Tickets for Game 1 were selling online Thursday night for $250 just for standing room -- and were as high as $7,500 for one aisle seat on the glass.
"We've got a lot of hockey people in this city," Esposito told NHL.com.
And they're recognizing their favorite Blackhawk players everywhere.
For instance, fourth-line wing Adam Burish
attended the Cubs game Wednesday night with his sister -- and the local TV broadcast caught him on camera signing autographs. In what other city (outside of maybe Montreal) is a fourth-liner famous?
On the same night, legendary Blackhawks broadcaster Pat Foley threw out the first pitch at Wrigley Field and later led the crowd in "Take Me Out to the Ballgame" during the seventh-inning stretch.

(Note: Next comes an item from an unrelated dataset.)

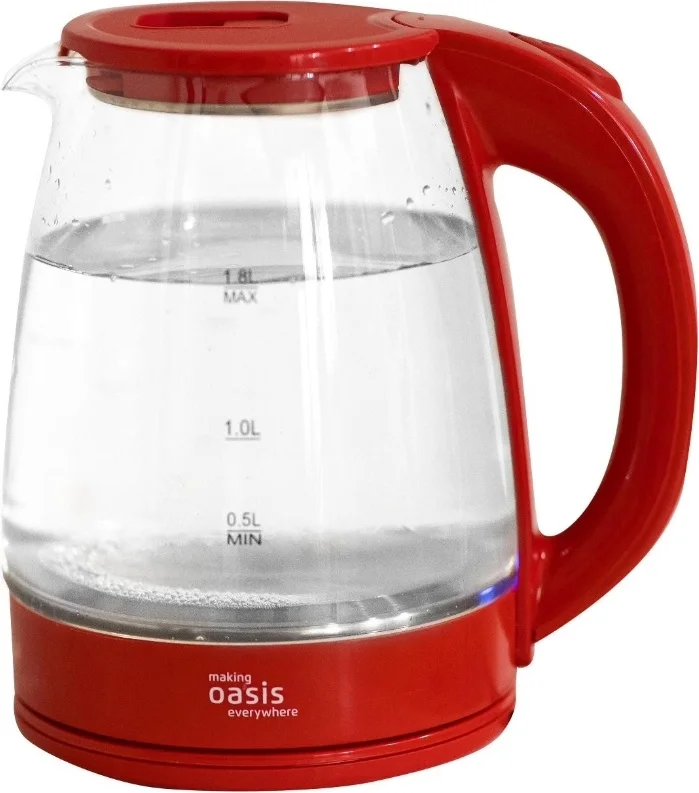 Электрочайник Oasis everywhere K-8GR 1.8 л красный купить,NaN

"It's crazy," said defenseman Brent Seabrook
, who was here in 2005 with Sharp and Duncan Keith
when the building was only a quarter full and Chicagoans needed to be reminded they had a hockey team. "If you go from not being noticed at all to now going out for dinner and people coming up to you and saying good luck, great season or whatever, it's a lot different."
It certainly is for several generations of Blackhawks.
"This is something special," Hull said. "We want to see these guys do well and we are so involved because the management thought enough of us to bring us back to be a part of it. It's had the greatest impact on this 71-year-old's life."